### Supplied material ###
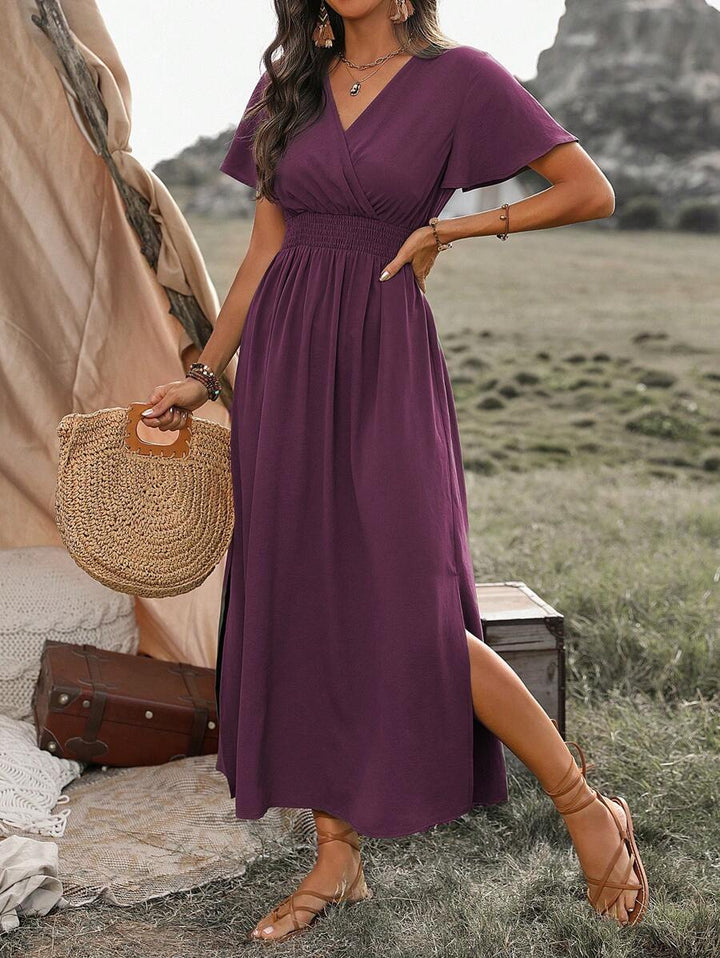 Odette | Elegantní Maxi Šaty s Rozparkem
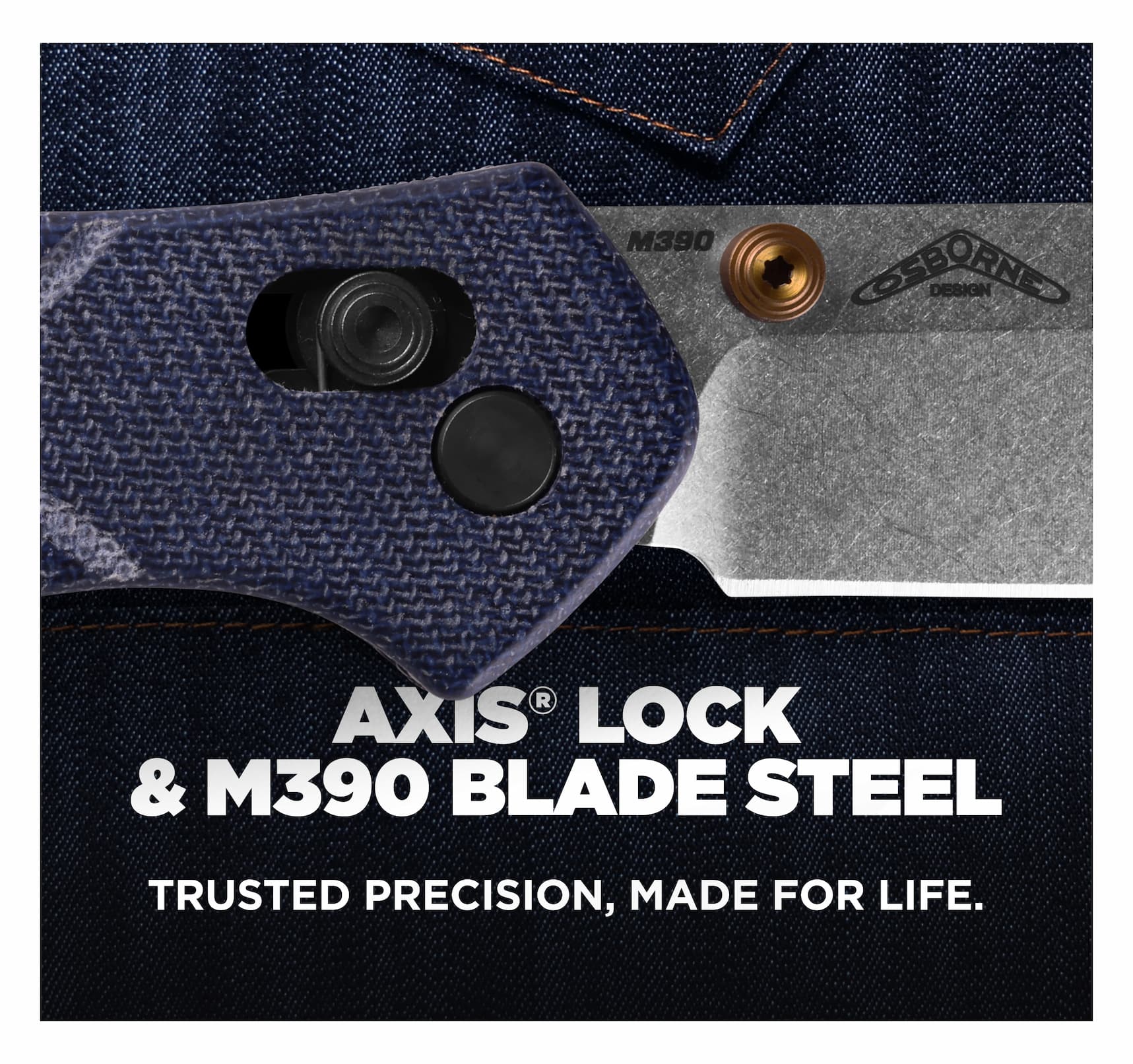 AXIS LOCK & M390 BLADE STEEL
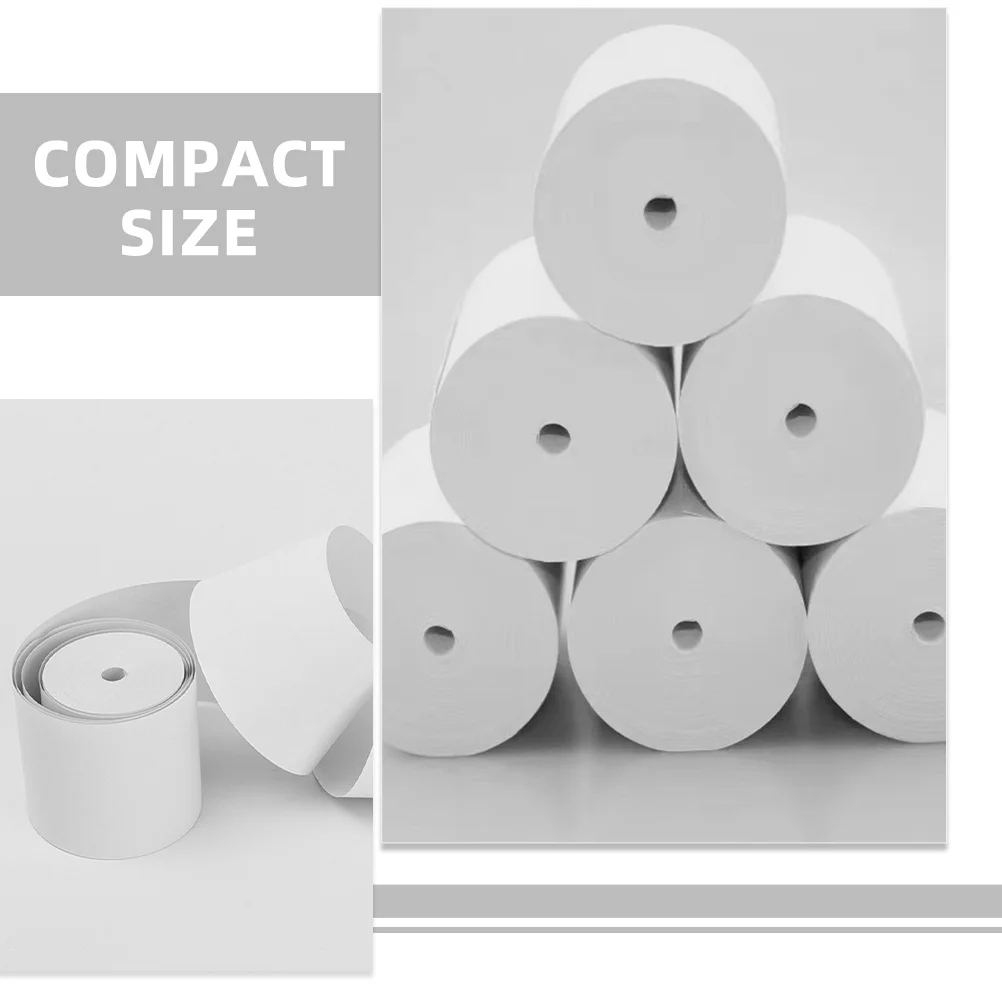 

25 Rolls Thermal Printing Paper Multipurpose Receipt Paper Clear Print Smooth Surface for Shops Hotels Till Roll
###
* _Your assignment_
Repeat the data in full, exactly as it stands, but drop every picture.

* _Task response_
 Odette | Elegantní Maxi Šaty s Rozparkem
 AXIS LOCK & M390 BLADE STEEL

25 Rolls Thermal Printing Paper Multipurpose Receipt Paper Clear Print Smooth Surface for Shops Hotels Till Roll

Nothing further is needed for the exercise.